> [Problem statement]:
Starting at the line that contains "đứa bé là con tôi chapter 42.2 19", write out every line through the last one in the records below, word for word. Leave out any pictures.

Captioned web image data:
++++++++++++++++++++
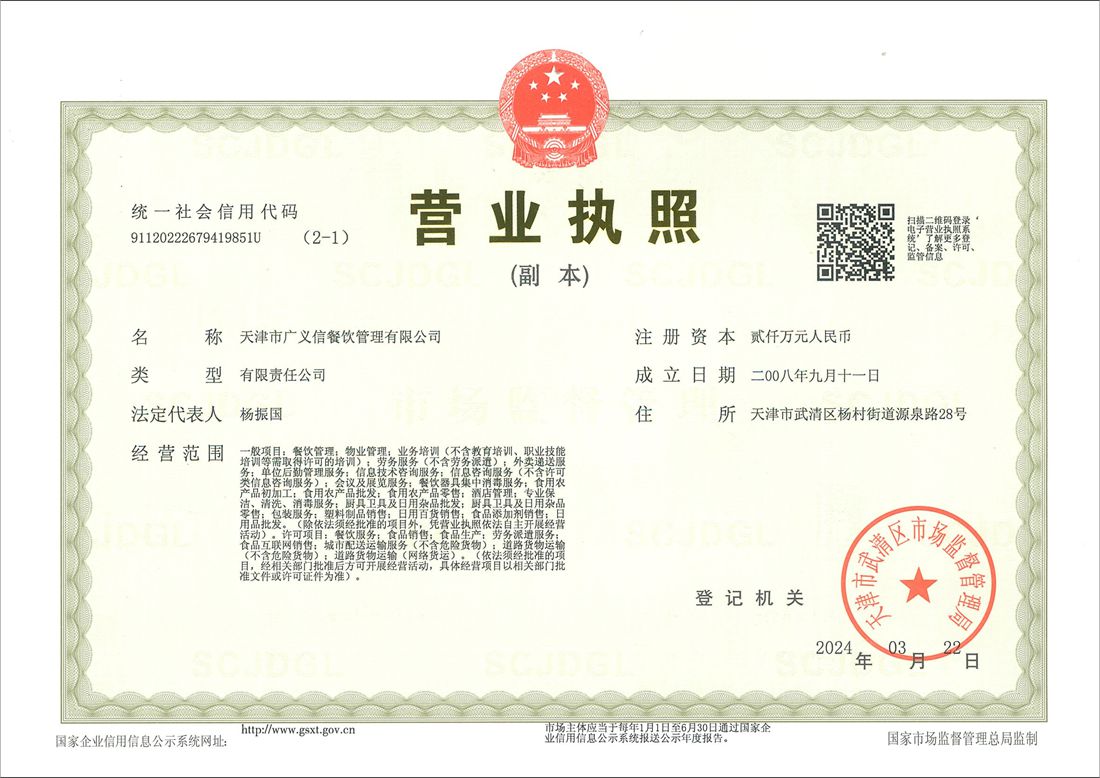 廣義信副本2-1營業(yè)執(zhí)照_副本.jpg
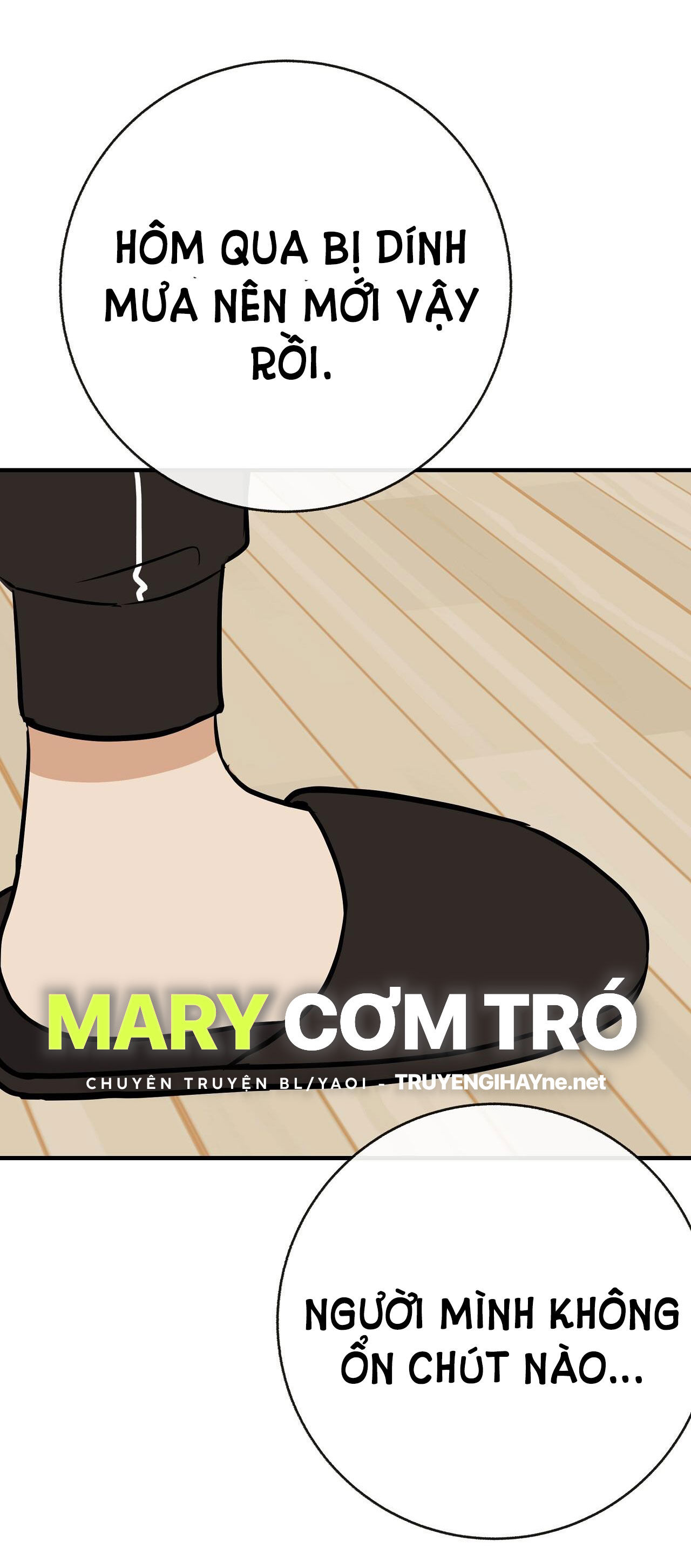 đứa bé là con tôi chapter 42.2 19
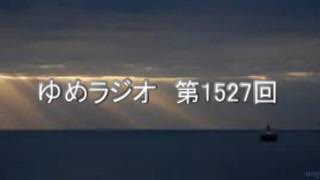 第1527回　明治14年の政変　2019.03.06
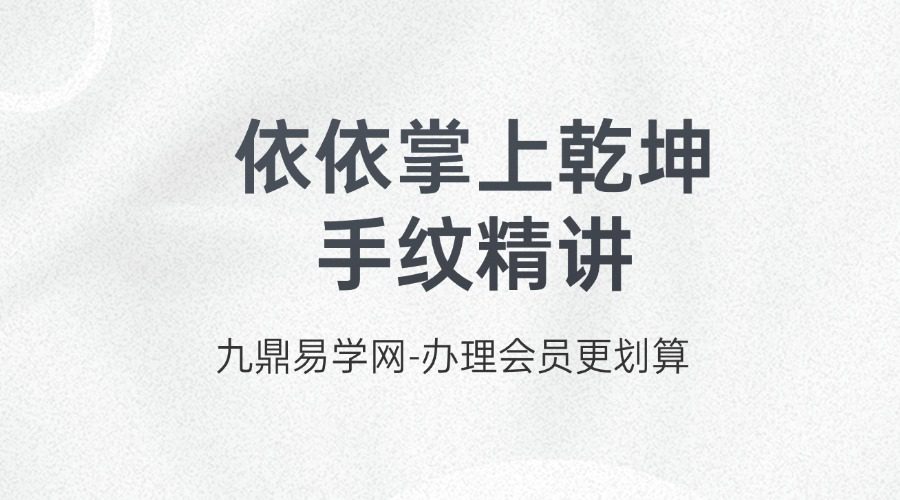 依依掌上乾坤__手纹精讲23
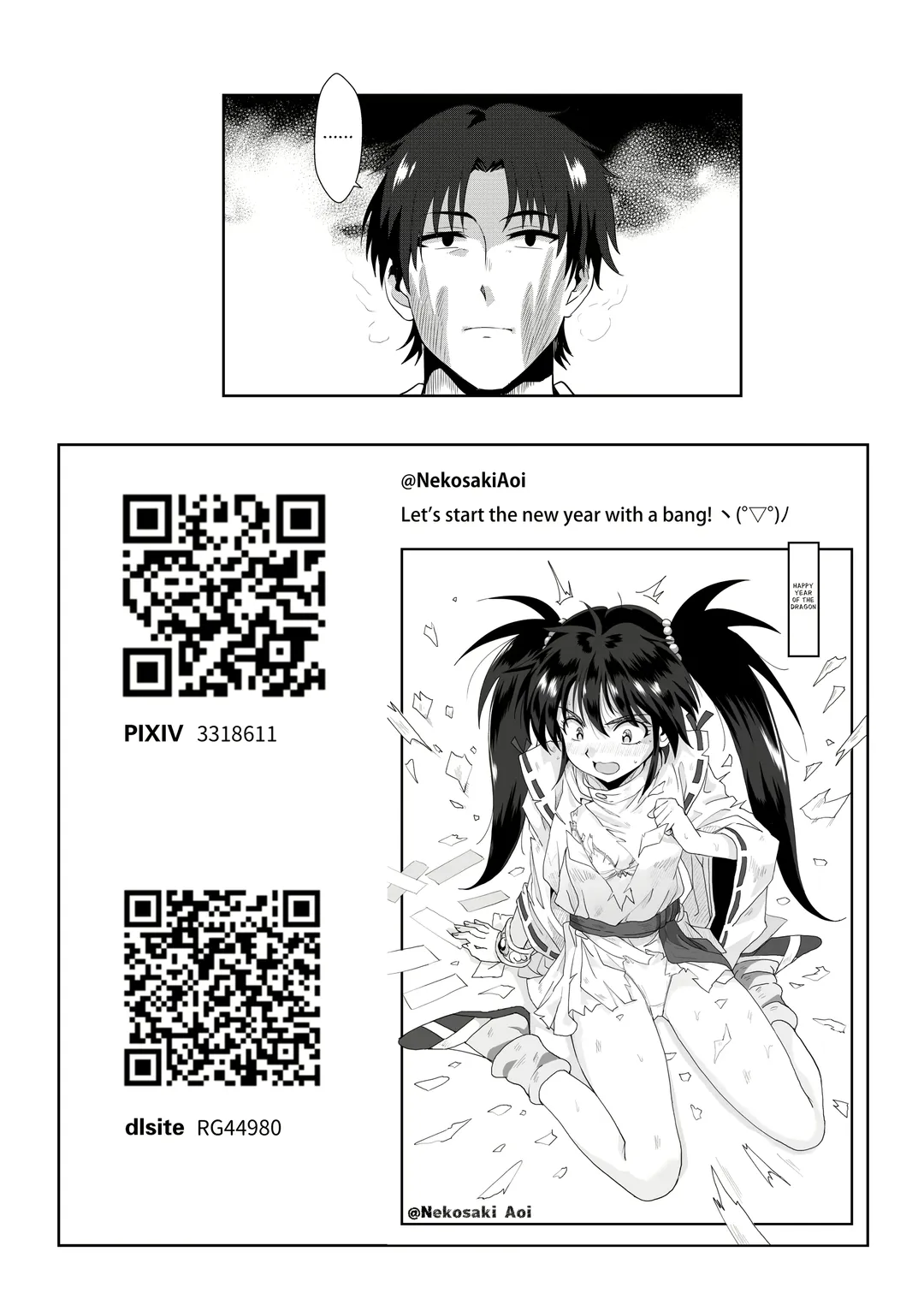 [Nekosaki Aoi] 與小智的媽媽們溫泉旅行啦! | Going On A Hotspring Trip With Tomos Mom And Her Friends! Fhentai - Page 30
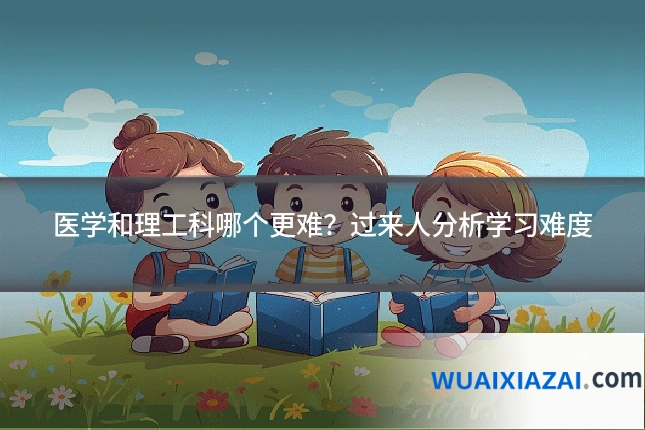 医学和理工科哪个更难？过来人分析学习难度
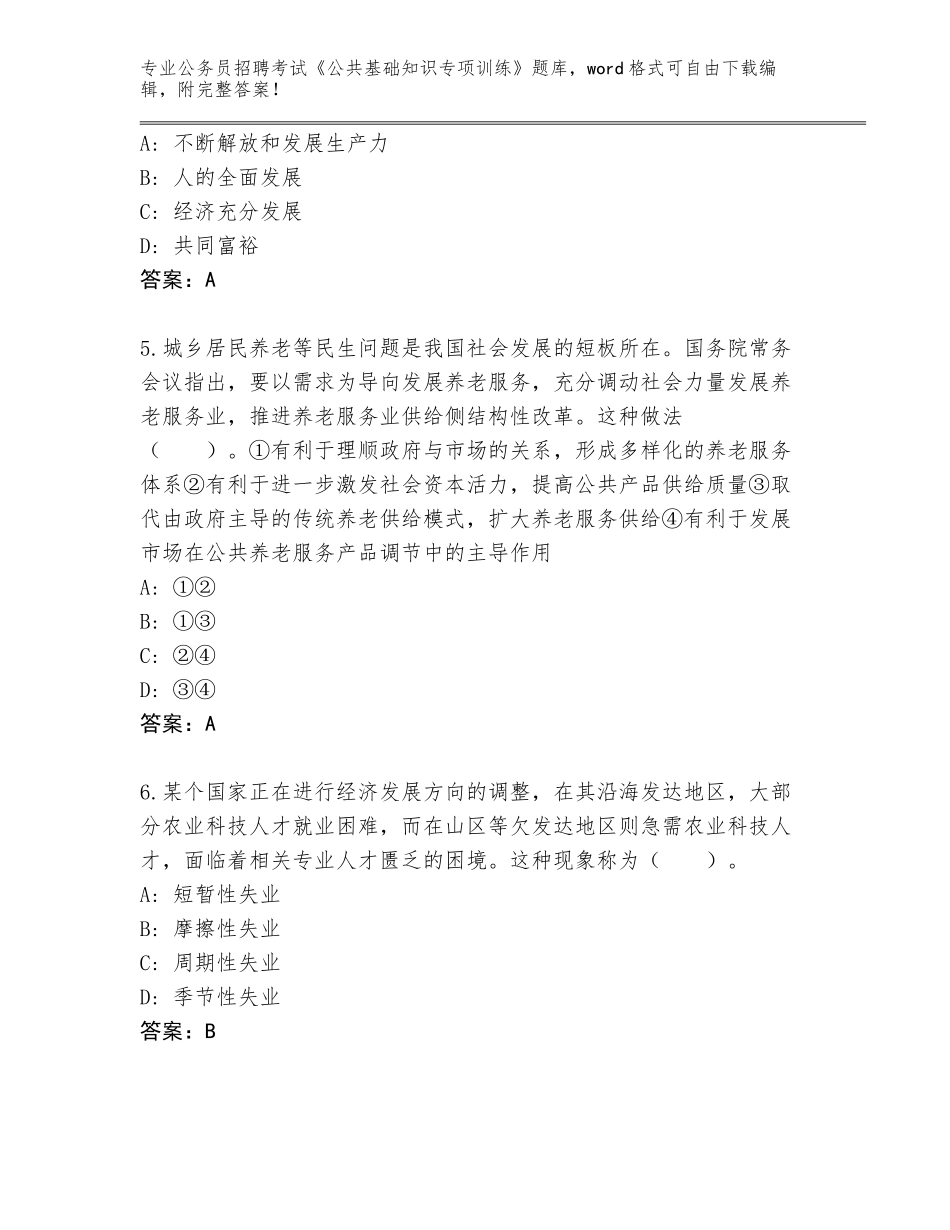 2024年广东省普宁市公务员招聘考试《公共基础知识专项训练》题库大全（夺冠系列）_第2页
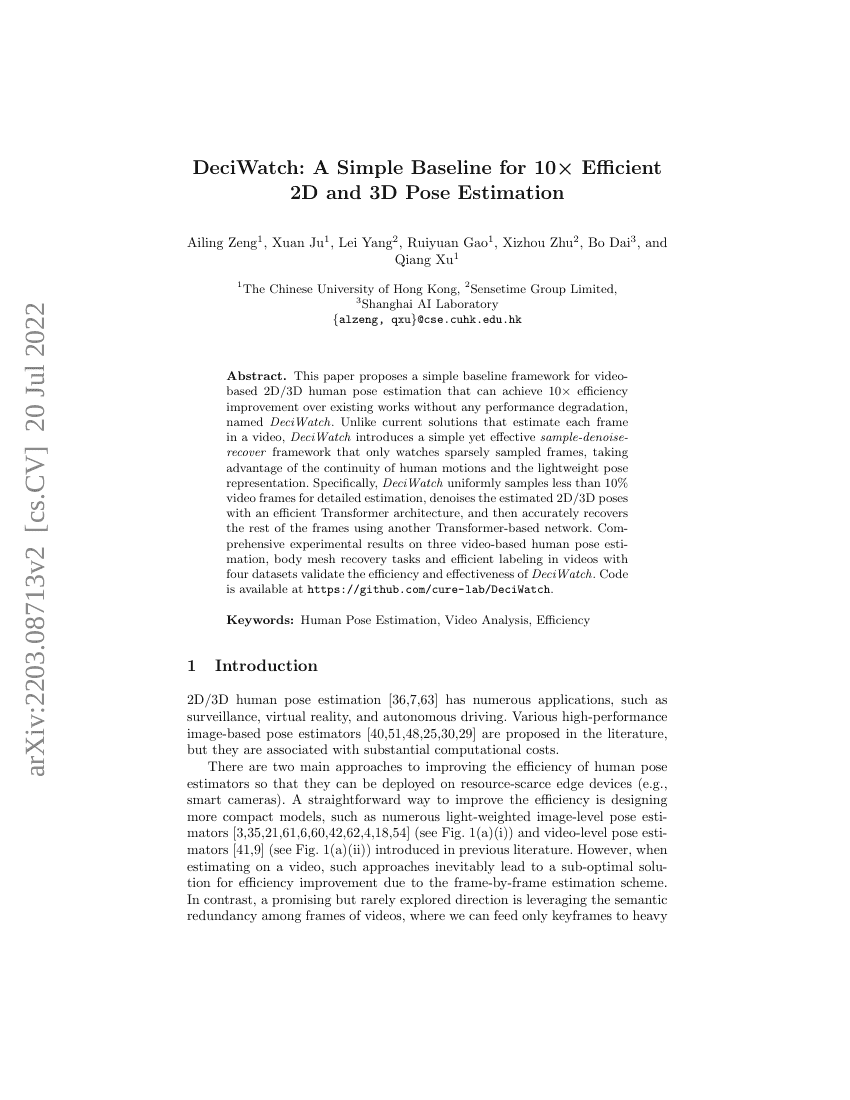 DeciWatch:一种简单基线方法,实现2D和3D姿态估计效率提升10倍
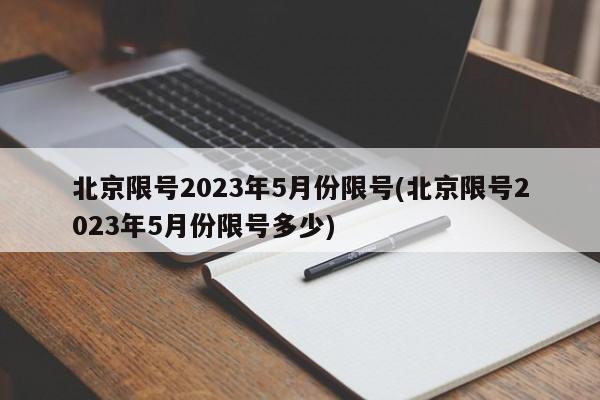 北京限号2023年5月份限号(北京限号2023年5月份限号多少)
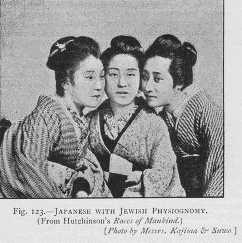 Евреи: исследование расы и окружающей среды (избранные главы) - i_066.jpg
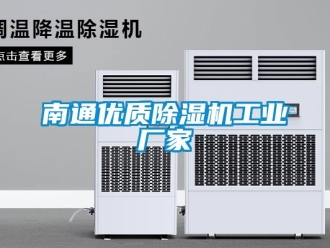 企业新闻南通优质除湿机工业厂家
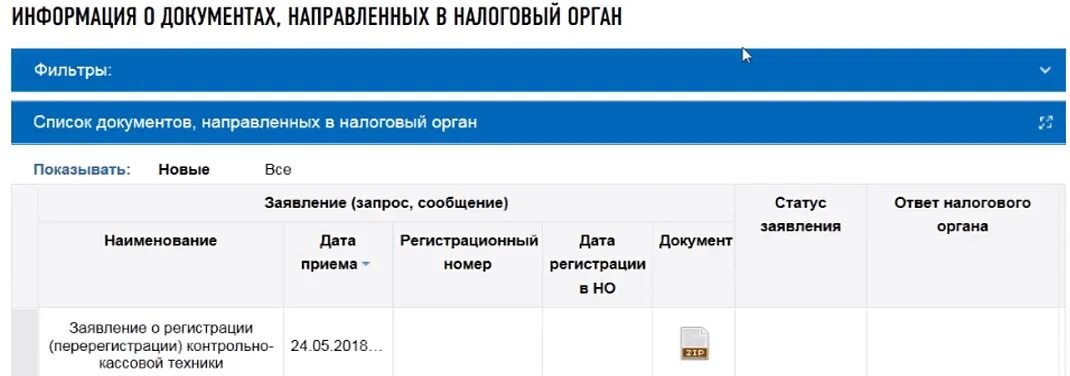 Регистрационный номер контрольно-кассовой техники. Регистрация кассы в ФНС. ИФНС направляет информацию о. Карточка регистрации ККМ. Статус ккт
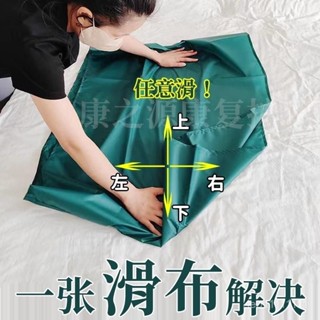 移位滑動布 臥床病人老人多功能移位器 輔助翻身移動搬運滑布 癱瘓移動 移位輔具 翻身輔助 隔尿墊 起身輔助器 搬運神器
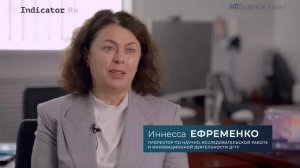 Иннесса Ефременко: мы смогли сформировать полный цикл инженерных работ от идеи до воплощения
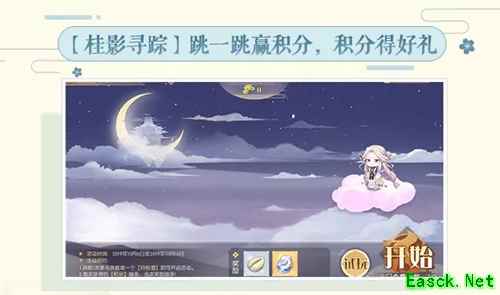 《食物语》桂影寻踪活动内容介绍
++++++++++++++++++++
> [Answer for this exercise]:
 đứa bé là con tôi chapter 42.2 19
 第1527回　明治14年の政変　2019.03.06
 依依掌上乾坤__手纹精讲23
 [Nekosaki Aoi] 與小智的媽媽們溫泉旅行啦! | Going On A Hotspring Trip With Tomos Mom And Her Friends! Fhentai - Page 30
 医学和理工科哪个更难？过来人分析学习难度
 2024年广东省普宁市公务员招聘考试《公共基础知识专项训练》题库大全（夺冠系列）_第2页
 DeciWatch:一种简单基线方法,实现2D和3D姿态估计效率提升10倍
 北京限号2023年5月份限号(北京限号2023年5月份限号多少)
 Евреи: исследование расы и окружающей среды (избранные главы) - i_066.jpg
 企业新闻南通优质除湿机工业厂家
 Регистрационный номер контрольно-кассовой техники. Регистрация кассы в ФНС. ИФНС направляет информацию о. Карточка регистрации ККМ. Статус ккт
 移位滑動布 臥床病人老人多功能移位器 輔助翻身移動搬運滑布 癱瘓移動 移位輔具 翻身輔助 隔尿墊 起身輔助器 搬運神器
 Иннесса Ефременко: мы смогли сформировать полный цикл инженерных работ от идеи до воплощения
 《食物语》桂影寻踪活动内容介绍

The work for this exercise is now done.